Introduction

Reinforcement Learning (RL) is a branch of Artificial Intelligence which consists in training or making learn an agent through reward to solve a problem, situation or act in an optimized manner within an environment.

The main difference with respect to supervised learning is that there is no ground truth or label. The training process is driven through reward. There also other differences such as the possible delay between an action and a the feedback or the influence of the agent in the environment, among others.

To clarify a little bit the situation, the following image can help:

There are two main components of a RL optimization problem: the environment and the agent. The environment establishes the states or observations that the agent perceives and also the actions that the agent can take. For every action of the agent, there is a reward and a new observation.
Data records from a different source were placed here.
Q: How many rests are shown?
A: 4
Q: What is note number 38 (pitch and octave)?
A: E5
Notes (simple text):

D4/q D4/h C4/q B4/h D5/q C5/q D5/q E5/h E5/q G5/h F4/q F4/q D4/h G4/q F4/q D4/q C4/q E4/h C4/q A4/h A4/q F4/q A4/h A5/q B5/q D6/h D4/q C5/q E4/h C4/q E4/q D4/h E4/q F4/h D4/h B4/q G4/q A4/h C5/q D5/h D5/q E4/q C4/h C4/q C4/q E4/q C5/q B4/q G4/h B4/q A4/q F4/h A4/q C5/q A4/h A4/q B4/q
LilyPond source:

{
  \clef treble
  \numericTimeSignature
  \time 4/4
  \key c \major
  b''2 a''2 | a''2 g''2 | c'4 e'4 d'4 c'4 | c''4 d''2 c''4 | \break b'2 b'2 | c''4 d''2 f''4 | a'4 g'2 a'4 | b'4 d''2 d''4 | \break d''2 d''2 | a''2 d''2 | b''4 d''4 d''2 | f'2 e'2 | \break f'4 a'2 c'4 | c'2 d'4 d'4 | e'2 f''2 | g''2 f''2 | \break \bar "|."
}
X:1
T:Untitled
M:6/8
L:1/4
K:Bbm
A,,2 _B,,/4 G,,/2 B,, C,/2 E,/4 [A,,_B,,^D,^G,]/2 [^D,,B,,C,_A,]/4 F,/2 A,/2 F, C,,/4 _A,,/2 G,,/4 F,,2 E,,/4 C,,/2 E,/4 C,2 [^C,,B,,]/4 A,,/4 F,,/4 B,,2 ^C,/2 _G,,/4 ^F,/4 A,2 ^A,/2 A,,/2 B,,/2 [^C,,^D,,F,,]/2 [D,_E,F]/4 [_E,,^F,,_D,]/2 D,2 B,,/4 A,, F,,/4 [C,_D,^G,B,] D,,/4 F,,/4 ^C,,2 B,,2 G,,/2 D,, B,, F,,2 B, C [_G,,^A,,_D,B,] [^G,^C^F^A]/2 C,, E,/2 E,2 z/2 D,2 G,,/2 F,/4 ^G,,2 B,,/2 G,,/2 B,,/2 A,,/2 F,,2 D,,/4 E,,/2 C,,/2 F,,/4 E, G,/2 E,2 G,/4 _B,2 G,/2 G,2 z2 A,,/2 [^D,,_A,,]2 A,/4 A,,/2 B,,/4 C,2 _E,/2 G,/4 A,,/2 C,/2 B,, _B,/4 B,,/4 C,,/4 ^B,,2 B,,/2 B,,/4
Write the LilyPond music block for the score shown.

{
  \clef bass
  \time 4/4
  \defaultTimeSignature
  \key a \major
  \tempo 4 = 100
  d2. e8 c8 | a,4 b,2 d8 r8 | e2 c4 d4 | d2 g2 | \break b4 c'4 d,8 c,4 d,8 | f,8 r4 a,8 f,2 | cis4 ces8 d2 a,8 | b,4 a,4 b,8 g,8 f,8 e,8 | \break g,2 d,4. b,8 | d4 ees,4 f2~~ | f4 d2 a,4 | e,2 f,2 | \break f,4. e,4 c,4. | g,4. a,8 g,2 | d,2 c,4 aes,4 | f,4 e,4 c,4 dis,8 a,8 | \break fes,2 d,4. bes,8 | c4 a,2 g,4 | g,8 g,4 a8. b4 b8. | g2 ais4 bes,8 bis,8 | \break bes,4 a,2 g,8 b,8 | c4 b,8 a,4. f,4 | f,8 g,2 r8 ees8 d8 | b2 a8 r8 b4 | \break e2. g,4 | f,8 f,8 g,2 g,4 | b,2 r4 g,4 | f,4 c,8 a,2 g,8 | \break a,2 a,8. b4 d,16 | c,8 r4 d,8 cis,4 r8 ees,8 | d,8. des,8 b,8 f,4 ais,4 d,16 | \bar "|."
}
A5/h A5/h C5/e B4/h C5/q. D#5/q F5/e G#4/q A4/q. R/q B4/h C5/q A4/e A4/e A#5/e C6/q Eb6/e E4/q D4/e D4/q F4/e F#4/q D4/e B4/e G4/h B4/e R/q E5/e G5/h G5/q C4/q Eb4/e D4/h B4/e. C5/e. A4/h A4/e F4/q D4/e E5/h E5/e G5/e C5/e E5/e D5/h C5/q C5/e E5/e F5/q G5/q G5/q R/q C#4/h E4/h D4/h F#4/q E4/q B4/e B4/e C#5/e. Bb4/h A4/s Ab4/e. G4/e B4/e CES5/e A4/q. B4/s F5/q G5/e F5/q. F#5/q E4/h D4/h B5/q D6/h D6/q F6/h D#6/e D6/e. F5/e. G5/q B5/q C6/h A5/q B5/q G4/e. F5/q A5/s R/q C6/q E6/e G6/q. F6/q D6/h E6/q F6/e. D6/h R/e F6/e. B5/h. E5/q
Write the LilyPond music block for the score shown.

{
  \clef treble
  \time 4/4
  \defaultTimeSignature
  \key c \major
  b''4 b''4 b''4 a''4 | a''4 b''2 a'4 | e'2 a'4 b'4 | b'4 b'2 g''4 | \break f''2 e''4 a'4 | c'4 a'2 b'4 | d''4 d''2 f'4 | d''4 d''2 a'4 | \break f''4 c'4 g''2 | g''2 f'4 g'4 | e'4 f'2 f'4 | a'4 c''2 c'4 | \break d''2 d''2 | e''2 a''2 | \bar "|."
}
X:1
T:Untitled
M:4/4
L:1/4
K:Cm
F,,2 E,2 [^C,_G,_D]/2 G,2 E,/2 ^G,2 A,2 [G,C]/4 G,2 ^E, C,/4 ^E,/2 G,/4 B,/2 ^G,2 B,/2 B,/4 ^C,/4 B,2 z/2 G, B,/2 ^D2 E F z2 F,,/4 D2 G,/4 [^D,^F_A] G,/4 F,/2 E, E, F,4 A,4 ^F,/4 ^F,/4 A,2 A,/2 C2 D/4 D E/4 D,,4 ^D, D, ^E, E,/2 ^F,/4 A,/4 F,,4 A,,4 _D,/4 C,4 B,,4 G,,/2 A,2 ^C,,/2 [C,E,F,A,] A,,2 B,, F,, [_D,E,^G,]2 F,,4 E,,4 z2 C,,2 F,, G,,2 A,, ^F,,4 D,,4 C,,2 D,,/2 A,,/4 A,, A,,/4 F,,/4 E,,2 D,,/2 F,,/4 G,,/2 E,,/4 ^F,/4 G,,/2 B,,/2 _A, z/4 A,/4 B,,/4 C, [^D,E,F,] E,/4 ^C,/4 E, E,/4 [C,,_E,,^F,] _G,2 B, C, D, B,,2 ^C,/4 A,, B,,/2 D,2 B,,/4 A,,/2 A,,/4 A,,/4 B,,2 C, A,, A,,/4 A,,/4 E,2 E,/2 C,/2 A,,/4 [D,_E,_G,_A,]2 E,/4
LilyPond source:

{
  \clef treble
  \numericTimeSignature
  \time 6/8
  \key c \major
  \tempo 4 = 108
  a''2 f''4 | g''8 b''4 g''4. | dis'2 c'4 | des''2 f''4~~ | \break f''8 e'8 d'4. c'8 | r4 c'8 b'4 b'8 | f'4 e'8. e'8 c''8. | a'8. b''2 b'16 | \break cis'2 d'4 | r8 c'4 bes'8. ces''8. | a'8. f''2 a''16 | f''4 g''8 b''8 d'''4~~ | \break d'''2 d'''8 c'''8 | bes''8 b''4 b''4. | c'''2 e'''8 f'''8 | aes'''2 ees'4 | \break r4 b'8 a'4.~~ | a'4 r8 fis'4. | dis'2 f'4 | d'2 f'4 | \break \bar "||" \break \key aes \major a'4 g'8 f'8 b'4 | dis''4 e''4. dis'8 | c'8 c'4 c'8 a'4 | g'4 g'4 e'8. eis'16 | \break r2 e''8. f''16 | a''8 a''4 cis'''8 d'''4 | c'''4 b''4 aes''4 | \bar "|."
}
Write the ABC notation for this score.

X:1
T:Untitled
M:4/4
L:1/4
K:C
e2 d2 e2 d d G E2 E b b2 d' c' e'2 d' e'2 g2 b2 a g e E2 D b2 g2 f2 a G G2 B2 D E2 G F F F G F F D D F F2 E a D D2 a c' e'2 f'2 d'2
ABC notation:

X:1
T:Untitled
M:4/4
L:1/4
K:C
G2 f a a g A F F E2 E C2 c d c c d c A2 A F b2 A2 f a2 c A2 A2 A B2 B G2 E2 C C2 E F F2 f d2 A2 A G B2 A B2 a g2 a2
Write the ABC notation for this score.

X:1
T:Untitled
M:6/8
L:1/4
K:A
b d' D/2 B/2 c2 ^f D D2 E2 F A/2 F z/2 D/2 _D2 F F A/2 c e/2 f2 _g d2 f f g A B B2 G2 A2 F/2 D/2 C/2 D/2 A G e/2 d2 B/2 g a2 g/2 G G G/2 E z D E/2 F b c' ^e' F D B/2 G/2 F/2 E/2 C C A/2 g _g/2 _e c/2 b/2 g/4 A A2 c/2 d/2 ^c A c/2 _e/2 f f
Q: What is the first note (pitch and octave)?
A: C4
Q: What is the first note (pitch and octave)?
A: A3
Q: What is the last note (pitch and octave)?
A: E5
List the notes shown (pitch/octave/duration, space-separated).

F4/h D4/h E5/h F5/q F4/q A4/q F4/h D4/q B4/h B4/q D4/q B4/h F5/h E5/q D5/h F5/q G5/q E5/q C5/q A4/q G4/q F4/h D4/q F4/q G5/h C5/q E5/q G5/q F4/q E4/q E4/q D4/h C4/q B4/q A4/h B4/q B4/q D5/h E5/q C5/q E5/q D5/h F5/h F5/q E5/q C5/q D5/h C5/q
Toy Example and Hard Coded Policy

To solve the problem, the agent must learn. However, for simples environments one can hard code the policy that the agent follows in order to succeed. In the MountainCar-V0, which is one of the simplest environments, one can devise a manual policy.

The environment is as follows:

The observation space is two dimensional Box of position and velocity, the car begins at (0, 0) and it has to go to 0.5, where the flag is placed. The action space, in the discrete case, is {0: Left, 1: Stop, 2: Right}

Hence, we can devise a policy that states that if the speed is positive go to the right, while if the speed is negative go to the left. Something like:

def policy(obs):
    position, velocity = obs

    if velocity > 0:
      action = actions['right']
    elif velocity < 0:
      action = actions['left']
    else:
      action = actions['left']

    return action

Then, we can hack the environment and make the car arrive at the objective. The full loop would be something like:

env = gym.make('MountainCar-v0')
env =  gym.wrappers.Monitor(env, './video/', force=True)
s = env.reset()
actions = {'left': 0, 'stop': 1, 'right': 2}

for i in range(1000):
    
    a = policy(s)
    obs, r, done, info = env.step(a)
    s = obs
    
    if done:
        break
env.close()

which would produce the following result:

Obviously, this works here but it would be impossible to devise such hard coded policies for a complex environment. In the next section, Crossentropy method is used to be able to obtain a policy and update it by means of the rewards obtained.

Crossentropy method

The Crossentropy method is a importance sampling methodology that makes use of the crossentropy or Kullback-Leibler diveregence to drive a distribution close to another. It can either be used for estimation or optimization. From a simple view point, it involves an iterative process in which each step can be broken down into two pices:

  1. Generate random sample from a distribution
  2. Modify the parameters of the distribution

Algorithm

Here I will only detail the algorithm for a discrete space, for more details on the mathematical development and background you can check the guide from the original author.

$\mathbf{X}$ is a discrete valued space, $f$ is a distribution over $\mathbf{X}$ parametrized by probabilities $\mathbf{p}$ and $S$ is a performance function over $\mathbf{X}$. Also, we need a percentile value, $\rho$ which is going to be defined by hand. A crossentropy based optimization procedure would proceed as follows:

  1. Initialize $f$ for $X$. Initialize time counter, $t$
  2. Sample a sequence $\mathbf{X}_{1}$, …, $\mathbf{X}_{N}$ of points according to $f$.
  3. Obtain performance values for each element of the sequence, $S_{1}$, …, $S_{N}$
  4. Order them from smallest to biggest and let $\gamma_{t} = S_{(1-\rho)N}$ the $\rho$ quantile of the performance sequence.
  5. Use the sample sample to update the probabilities $\mathbf{p}$ from the distribution $f$:
\[p_{t, j} = \frac{\sum_{i}^{N}I_{S(\mathbf{X}\_{i})\geq \gamma_{t}}I_{X_{ij} = 1}}{\sum_{i}^{N}I_{S(\mathbf{X}\_{i})\geq \gamma_{t}}}\]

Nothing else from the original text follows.